MIDF Sector Research

Tenaga - First Step Towards Monetising Fibre Asset

sectoranalyst
Publish date: Fri, 07 Sep 2018, 10:16 AM
  • Pilot project to assess fibre potential
  • A step towards monetising a legacy asset
  • Likely to limit capex exposure to backbone infra
  • Re-affirm BUY at unchanged TP of RM16.90

Pilot project to test fibre infra. Tenaga has initiated a pilot project in Jasin, Melaka to assess the technical, safety and commercial viability of using Tenaga’s electrical infrastructure for the Government’s National Connectivity Plan (NCP). The pilot project is targeted to be completed by end-2018, will cover 1100 of 4300 homes in 3 areas: (1) Taman Merbau (2) Taman Maju (3) Felda Kemendor, all in Jasin.

Monetisation of legacy asset. The development is a step towards potential monetisation of Tenaga’s fibre assets. The fibre asset is utilised for Tenaga’s supervisory control and data acquisition (SCADA) system. We understand that the fibre (in certain parts of Tenaga’s network) runs all the way to the substations. The network is understood to be underutilised currently, but it is still uncertain at this juncture whether Tenaga is required to inject further capital to upgrade the existing fibre infrastructure for it to be commercially viable.

Tenaga to stick to core business. Tenaga is likely to stick to its core business in power generation, transmission and distribution and will likely limit its exposure to the fibre broadband business, possibly via: (1) Leasing out of its backbone fibre infra (2) Leasing out infrastructure than can support last mile connection e.g. extensive electrical pole network connection to homes – Malaysia has a high 99% electrification ratio. Given that the current fixed broadband space is dominated by TM, Tenaga’s potential entry into the fray is likely to infuse meaningful competition. We understand that Tenaga does not intend to get into last mile provision (as it will involve major capex and is not within Tenaga’s core business) and is open to partnership with 3rd parties for this.

HSBB capex. If we were to look at TM’s HSBB rollout as a yardstick, total investment for Phase 1 HSBB (Klang Valley and all key economic areas in the country) amounted to RM11.3b. This was a Public-Private partnership with the Government investing RM2.4b and TM investing RM8.9b. Phase 1 covered >1.3m premises. The investment involved backhaul investments up to the last mile and involved 800 broadbandenabled exchanges.
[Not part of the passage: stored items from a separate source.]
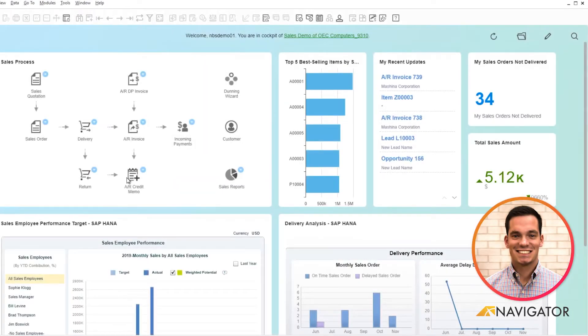Hello and welcome to the SAP Business One video on timesheets in the Human Resource Management module. Today I'm just going to show you an overview of how timesheets work within Business One.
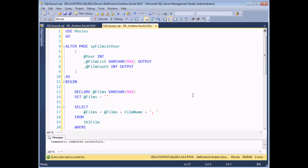So far we've seen how to use output parameters to return values from stored procedures. A couple of features worth noting: first, you can have as many output parameters as you like in your stored procedure — your procedure can return as many values as you want. Second, you can use any data type for an output parameter, such as text, numbers, dates, etc.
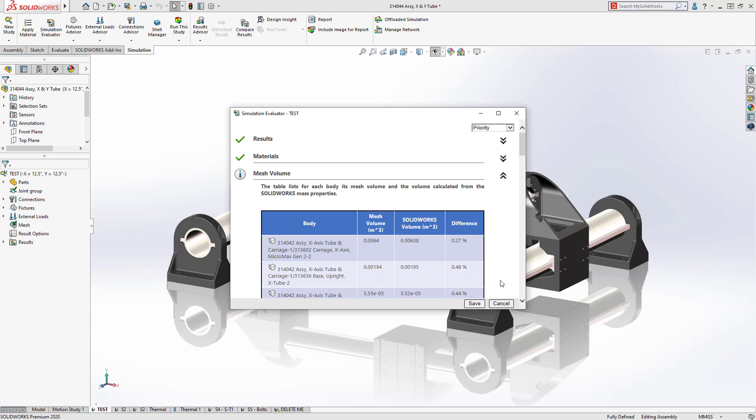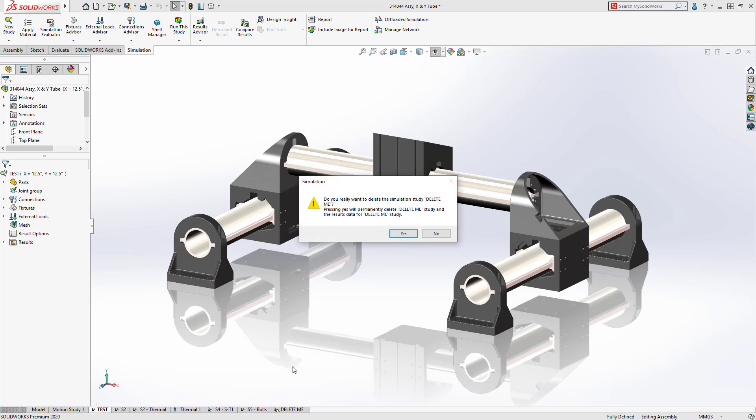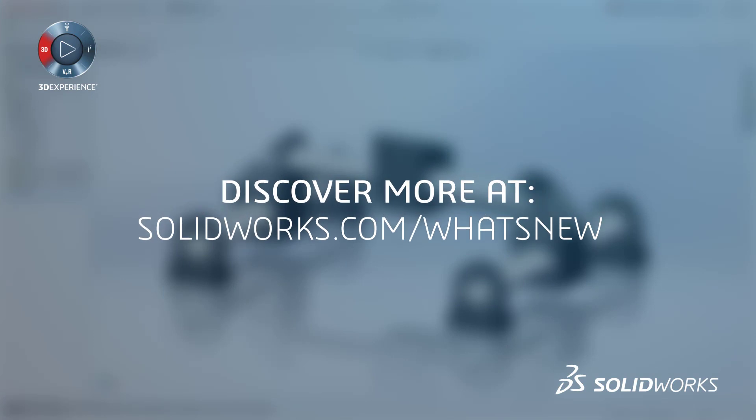This quick simulation sanity check gives you the important details you need to achieve the best results quickly. Finally, with 2020, any study can be deleted without loading results, saving time removing unwanted data.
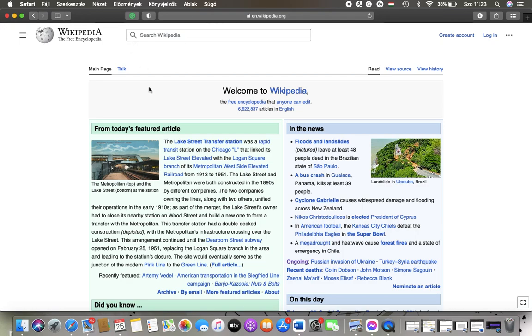Hello guys, in this video I am going to show you how to search on Wikipedia for a particular topic that you are interested in.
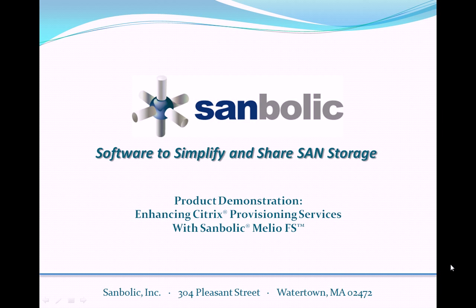Hello. Welcome to Symbolic's video presentation, Enhancing Citrix Provisioning Services with Symbolic MelioFS.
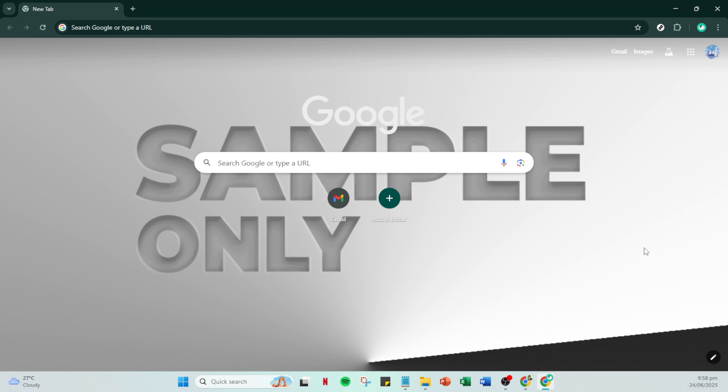Start by opening your Google browser. You'll want to make sure you're logged into the correct account you wish to manage. Once you're in your browser, take a look at the top right corner where you'll see your Google account profile icon. Go ahead and click on that to open up a drop down menu with several options.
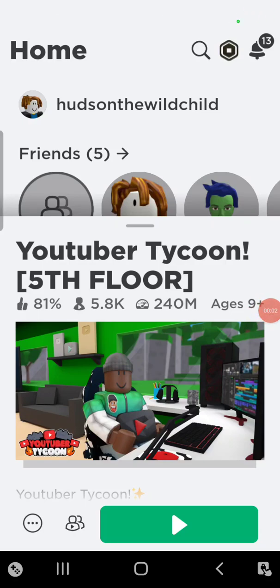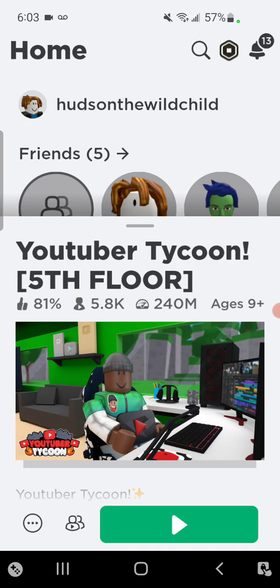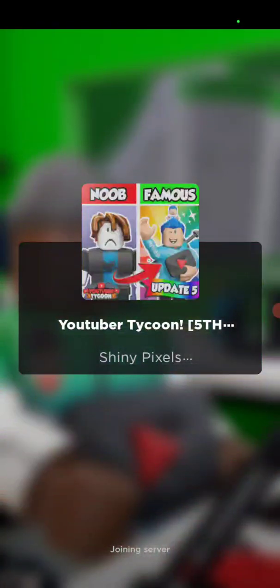What's up guys? So today I am going to be doing this fun game. It's called YouTuber Town 5th Floor. And yeah, let's go into it. I've been playing this game for like a couple million days.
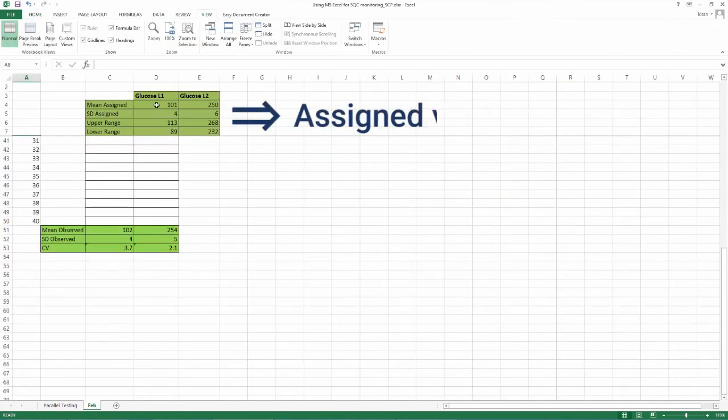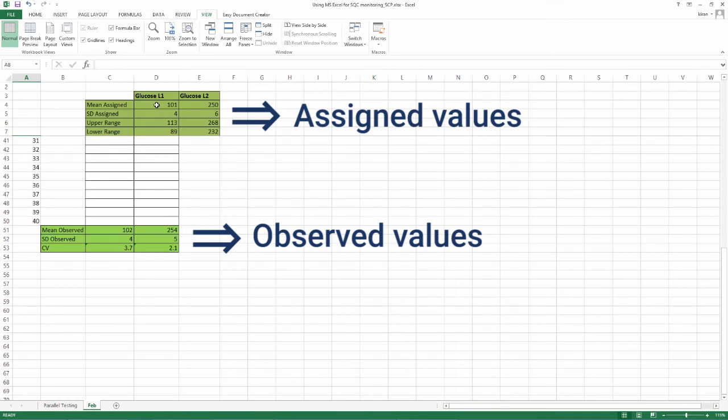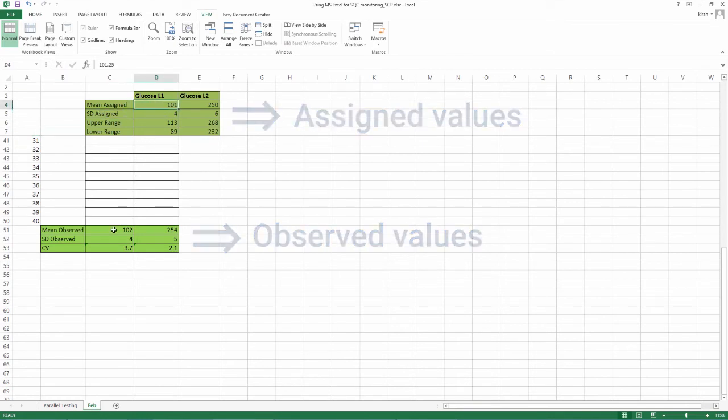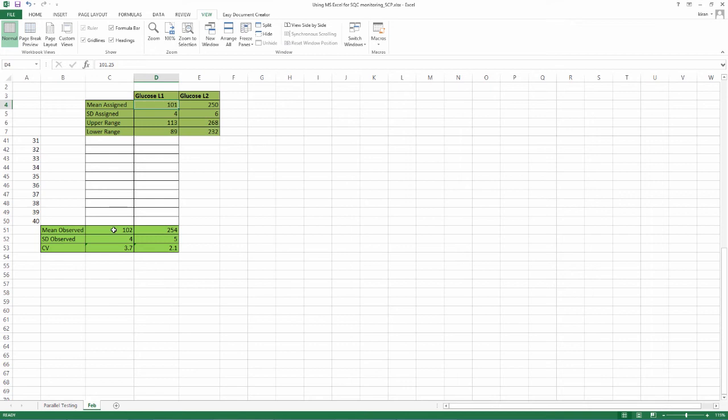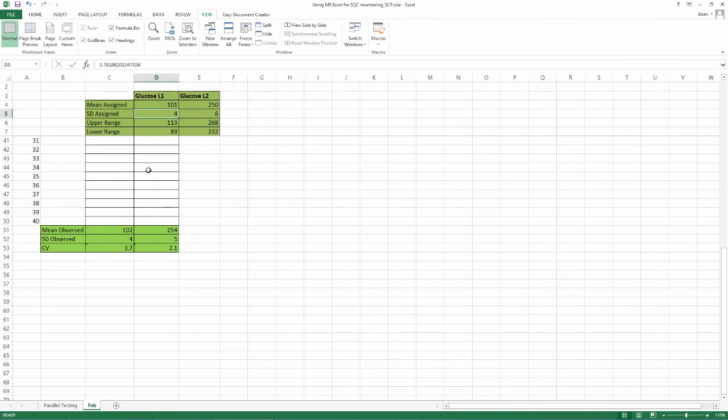Now, go to the bottom of the rows and look at your observed mean and observed SD. The assigned mean for L1 is 101 and the observed mean is 102. Assigned SD is 4 and observed is also 4.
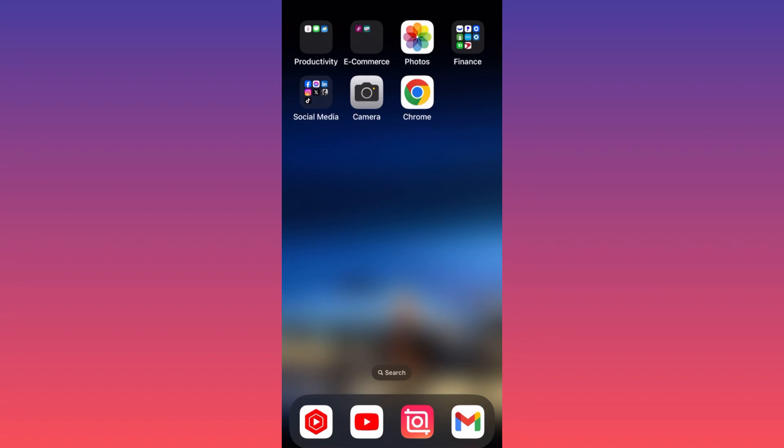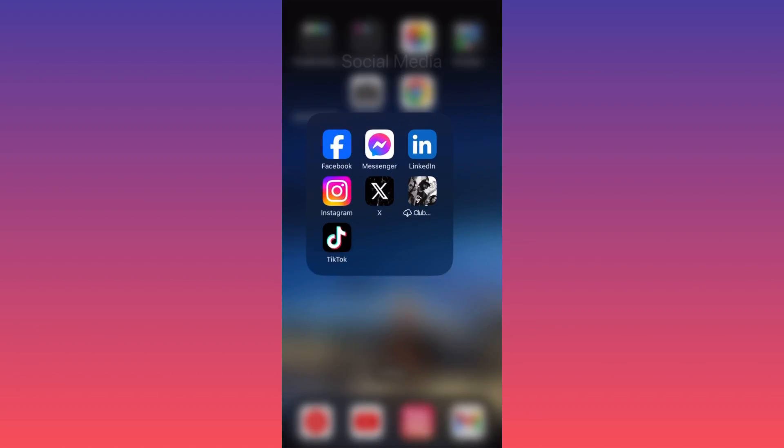Hi guys, in this video I'm going to show you how to get back your recently deleted highlights on Instagram. Very easy, very simple. Let's launch the Instagram app first.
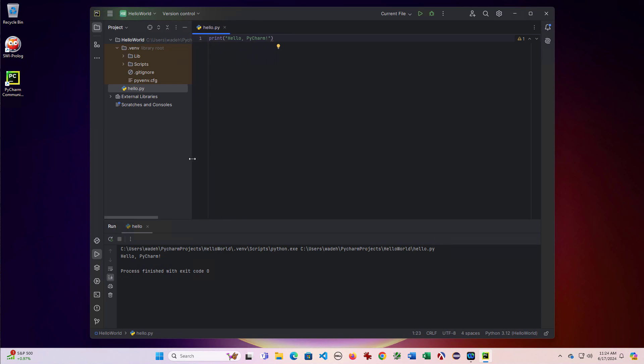That's actually taking up a lot of room. So I would resize that. But at this point, I'm ready to go and write Python code in PyCharm.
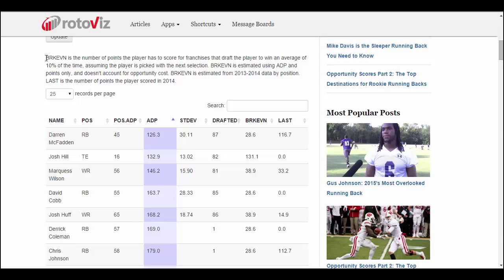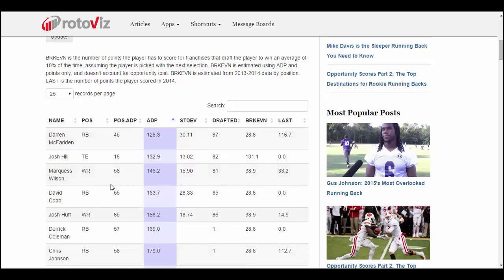Let's take a look at the help text. Break-even is the number of points the player has to score for franchises that draft the player to win their league an average of 10% of the time. So if you're looking to draft McFadden and you think he can clear 28 points this year, you might want to consider that — last year he scored 116. The break-even is roughly the number of points you should be expecting to get from a player to make it a good selection at his ADP.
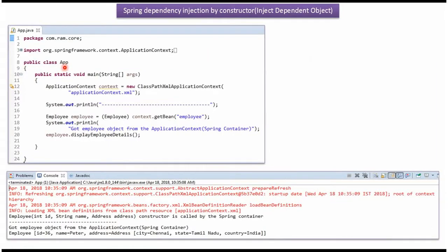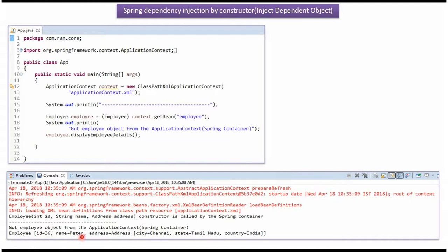Here I have defined the class App. I have created an ApplicationContext object by reading the Spring configuration file. Using the getBean method of the ApplicationContext object, I am getting the Employee object from the Spring container and displaying the employee details. Here you can see the output — this constructor has been called by the Spring container. We got the Employee object, ID is set as 36, name is set as Peter, and here you can see the Address.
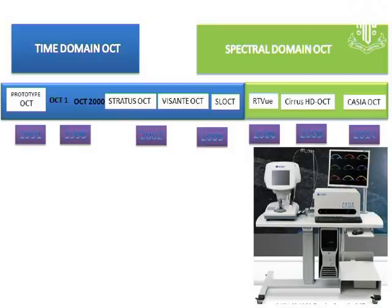Coming on to the OCT, which was released in 1991, and ever since it has been developed over the years. Since 2006, we got the spectral domain OCT.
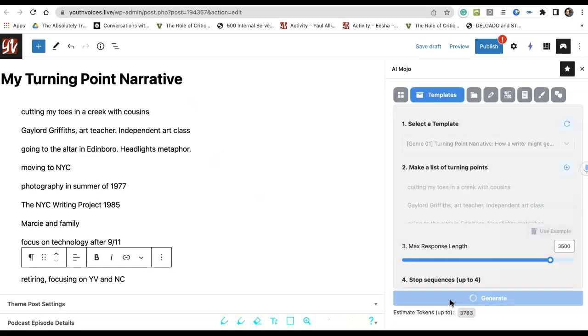Hit Generate and read through the results. The AI has chosen three from your list to give you examples of how to get started in writing about one of your memories.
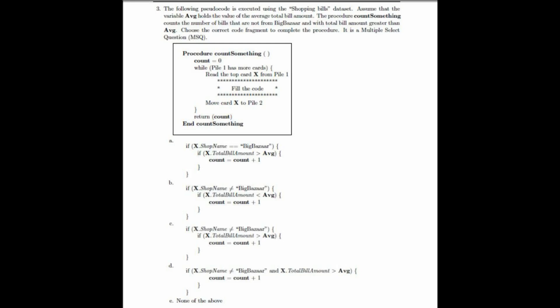From the given options, we have to select the options which match the conditions given in the question. The first condition to be checked is that the shop name should not be Big Bazaar.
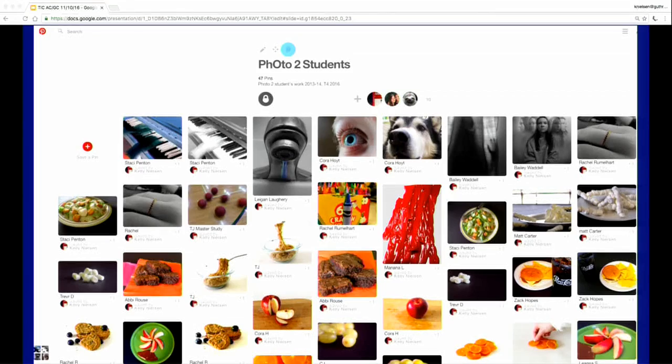Another example I use in my upper level photo classes: I was always trying to find a platform for a class critique, so I created a private board on my Pinterest account and have my kids upload their artwork there. Then we can see, explore, and talk about the work — the goods, the bads, and everything in between. It's a way for us to come together in one platform, but it's private so no one outside the class can see it.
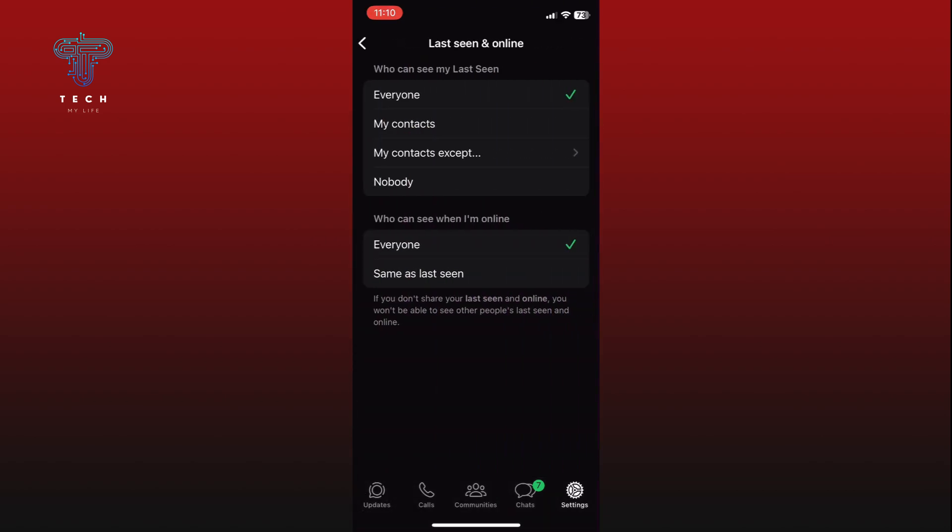To appear offline, first in the Who Can See My Last Seen section, select the Nobody option. This ensures that no one can see when you were last active on WhatsApp.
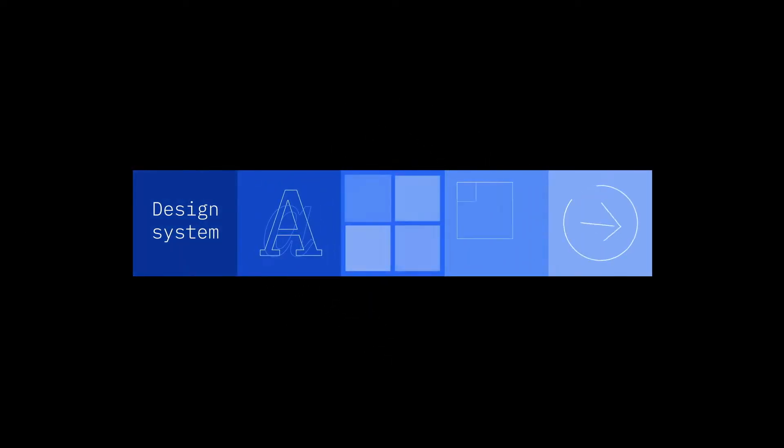Design systems allow companies to scale UI styles, but not experiences.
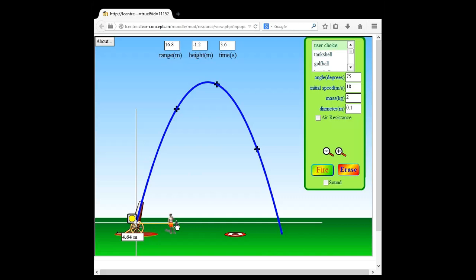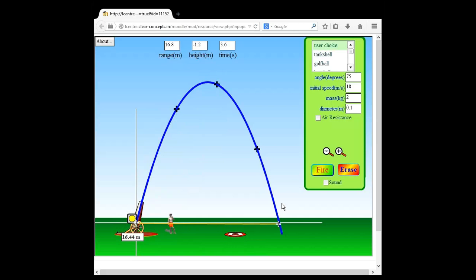When you do actual experiments — whether in school or engineering — you will always have some error because you're doing it physically and we're not machines. Another point: we used less precise values, calculating to only one decimal place while the simulation has two. So there are a couple of important things learned: how to find displacement versus distance — the blue part is distance along the trajectory, the yellow tape is displacement.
Recommendation. We re-affirm our BUY call on Tenaga at unchanged TP of RM16.90. Key catalysts: (1) Solid dividend yields of 4.6% (+ve spread against 10yr MGS of 4.04%) while valuations are cheap at 12x FY18F earnings, a substantial discount to the market’s 16x-17x. (2) Peaking capex suggests room for dividend upside (3) Possible monetisation of backbone fibre asset via partners.